• **WHAT IS BEING ASKED**: Word for word, repeat all the entries below, but without the pictures.

Dataset entries:
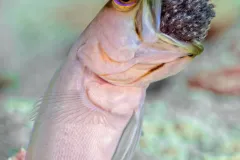 A yellow-headed jawfish with brood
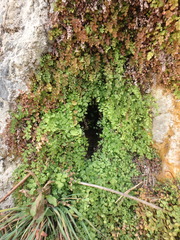 Adiantum capillus-veneris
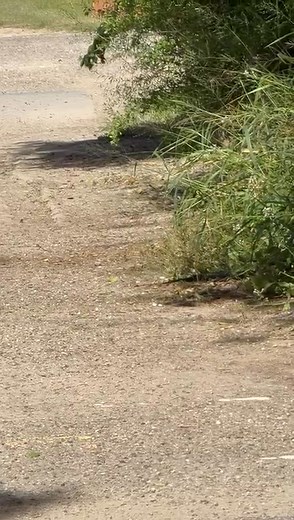 45K views · 360 reactions | Why did the Indigo Snake cross the road? For your viewing pleasure of course! Courtesy Supt. Javier de Leon | Estero Llano Grande State Park | Facebook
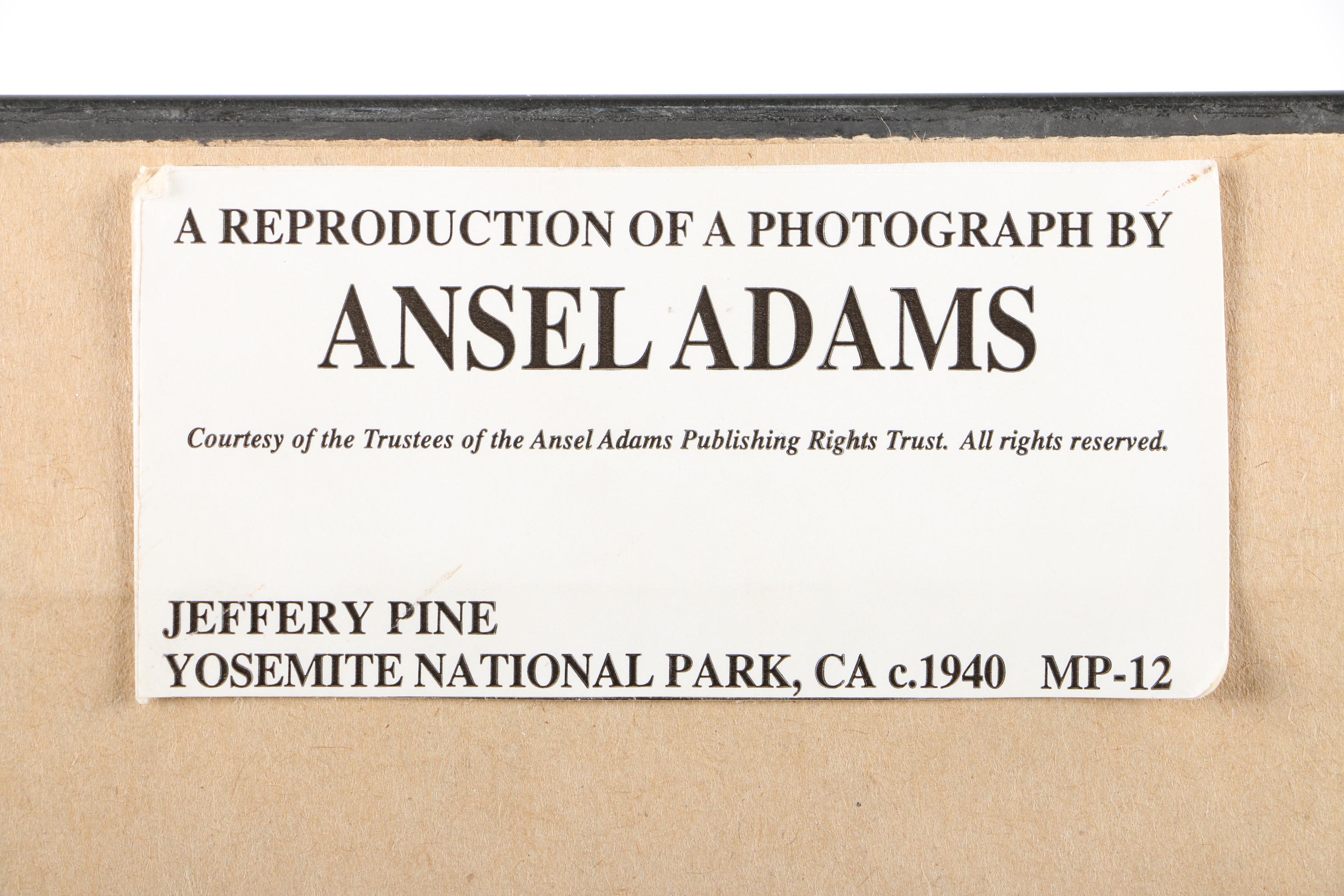 Reproduction Print on Paper After Ansel Adams "Jeffery Pine -Yosemite 1940"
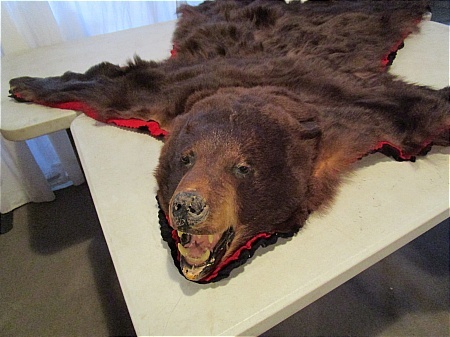 lot 18 image: Bear Skin Rug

• **RESULT**:
 A yellow-headed jawfish with brood
 Adiantum capillus-veneris
 45K views · 360 reactions | Why did the Indigo Snake cross the road? For your viewing pleasure of course! Courtesy Supt. Javier de Leon | Estero Llano Grande State Park | Facebook
 Reproduction Print on Paper After Ansel Adams "Jeffery Pine -Yosemite 1940"
 lot 18 image: Bear Skin Rug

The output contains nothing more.